Screenshot of Amex Credit Card Statement
This will show you your available rewards.

This information can help you measure your progress toward accumulating and redeeming your rewards.

Payment Coupon

“Coupon” in this context doesn’t refer to a grocery store discount, but rather the lowest section of your statement, which can be torn off and sent with your paper check if you make your payment via U.S. Mail.

The coupon shows your name, mailing address, all or part of your account number, your payment information, and the mailing address to send your payment. It should also include the name of the card company as it should be written on your check.

If you use the coupon, fill in the amount of your payment in the blank space labeled “amount enclosed” before you mail it. 

Payment coupons are designed so you can insert them into an envelope with a transparent window to display the card company’s mailing address. This design makes the coupon convenient to use and helps prevent mistakes that could occur if customers write the mailing address onto their envelopes.

If you make your payment by phone, online, or with a mobile app, you don’t need to use the payment coupon. A helpful tip is to write PAID and the date on the coupon before you file your statement. That notation will remind you that you made your payment even though the coupon is still attached to your statement.

Account Activity

The activity section of your statement is divided into two parts. The first part shows your payment (or payments), returns, and any other adjustments in your favor. The second part lists your purchases in chronological order, along with the merchant’s name and the dollar amount.

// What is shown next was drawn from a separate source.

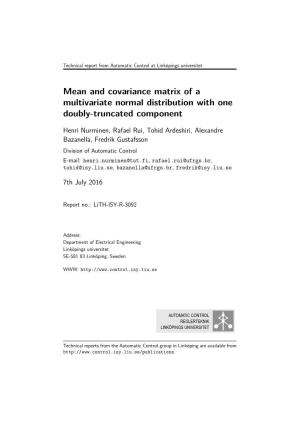 Mean and Covariance Matrix of a Multivariate Normal Distribution with One Doubly-Truncated Component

Screenshot of Amex Credit Card Statement
Your Account Activity will show recent payments, transactions, credits, fees, and interest charges.

It’s a good practice to match each transaction to your records to make sure all of the transactions listed are valid and authorized. Any transaction you can’t match to your records may be an error or fraudulent.

You should contact your card issuer for more information about any transactions you don’t recognize or that appear suspicious as soon as possible. The sooner you report fraud, the sooner your card issuer can cancel your card and replace it with a new one to prevent any further incidents.

Matching your transactions to your receipts or other records can also help you stick to a budget and save money. Look for impulse purchases, overspending at certain merchants, or recurring charges for apps or other services you no longer use.

Interest Charges

If you pay your balance in full and on time every month, you’ll never need to worry about the purchase APR on your card. If you carry a balance, transfer a balance from another card, or obtain a cash advance, you should review your APRs and the portions of your balance to which those rates were applied, and the monthly finance charge applied to your account. That information should be shown in the interest charges section of your statement.

Paper or Paperless? Pros and Cons

Many card companies offer a choice of paper statements delivered by U.S. Mail or electronic statements delivered to an email address. Each option has pros and cons.

Paper statements may be easier to read and reconcile to your receipts. Use them to track spending or business expenses, and file and save them for future reference. But paper statements can also pile up over time, which can create paper clutter and, if enough of them are accumulated, become a fire hazard.

Electronic statements may help reduce paper clutter and can ensure that statements aren’t lost or stolen in the mail. E-statements are also cheaper for card companies to produce since there’s no need for printing, envelopes, or postage.

Most card statements can be accessed online or through a mobile app, which creates a backup system for either paper or electronically delivered statements.

Which is better: paper and paperless? There’s no clear winner, so you should consider the pros and cons and choose whichever option you prefer.

Shop for Cards that Offer Clarity

Card statements pack a lot of information into just a few pages. While it may seem challenging to read and digest, taking time to review your statement each month is a smart financial habit. 

If your card statements are confusing or missing key information, you may want to shop for new cards that will give you these important insights in a well-designed format.